Lignin is the major structural component of secondarily thickened plant cell walls. It is a complex polymer of hydroxylated and methoxylated phenylpropane units, linked via oxidative coupling that is probably catalyzed by both peroxidases and laccases (Boudet, et al. 1995. “Tansley review No. 80: Biochemistry and molecular biology of lignification,” New Phytologist 129:203-236). Lignin imparts mechanical strength to stems and trunks, and hydrophobicity to water-conducting vascular elements. Although the basic enzymology of lignin biosynthesis is reasonably well understood, the regulatory steps in lignin biosynthesis and deposition remain to be defined (Davin, L. B. and Lewis, N. G. 1992. “Phenylpropanoid metabolism: biosynthesis of monolignols, lignans and neolignans, lignins and suberins,” Rec Adv Phytochem 26:325-375).
There is considerable interest in the potential for genetic manipulation of lignin levels and/or composition to help improve digestibility of forages and pulping properties of trees (Dixon, et al. 1994. “Genetic manipulation of lignin and phenylpropanoid compounds involved in interactions with microorganisms,” Rec Adv Phytochem 28:153178; Tabe, et al. 1993. “Genetic engineering of grain and pasture legumes for improved nutritive value,” Genetica 90:181-200; Whetten, R. and Sederoff, R. 1991. “Genetic engineering of wood,” Forest Ecology and Management 43:301-316).
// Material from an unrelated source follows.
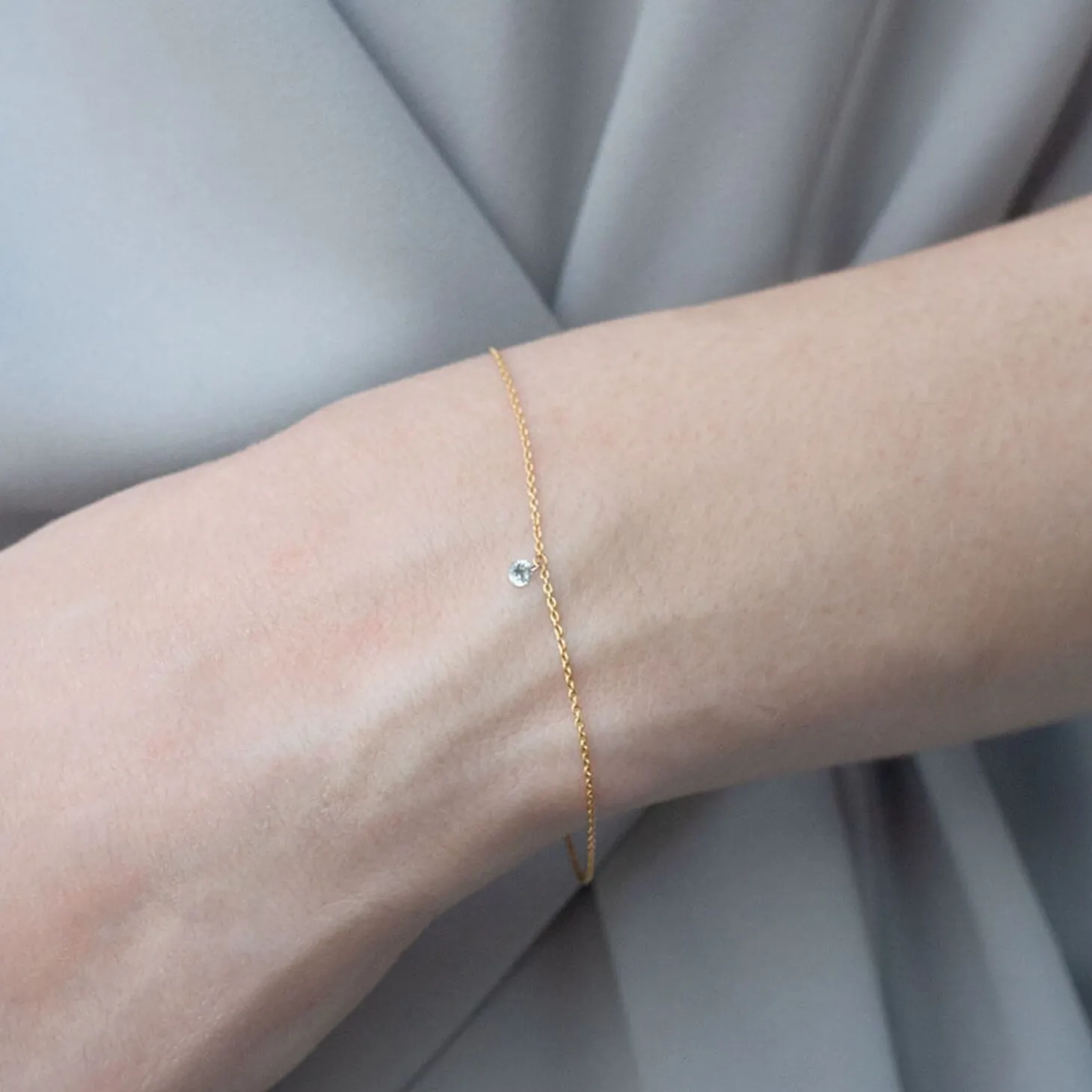 Aria - 18Ct Gold, 0.08Ct Drilled Diamond Bracelet^The Alkemistry Store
Small decreases in lignin content have been reported to positively impact the digestibility of forages (Casler, M. D. 1987. “In vitro digestibility of dry matter and cell wall constituents of smooth bromegrass forage,” Crop Sci 27:931-934). By improving the digestibility of forages, higher profitability can be achieved in cattle and related industries. In forestry, chemical treatments necessary for the removal of lignin from trees are costly and potentially polluting.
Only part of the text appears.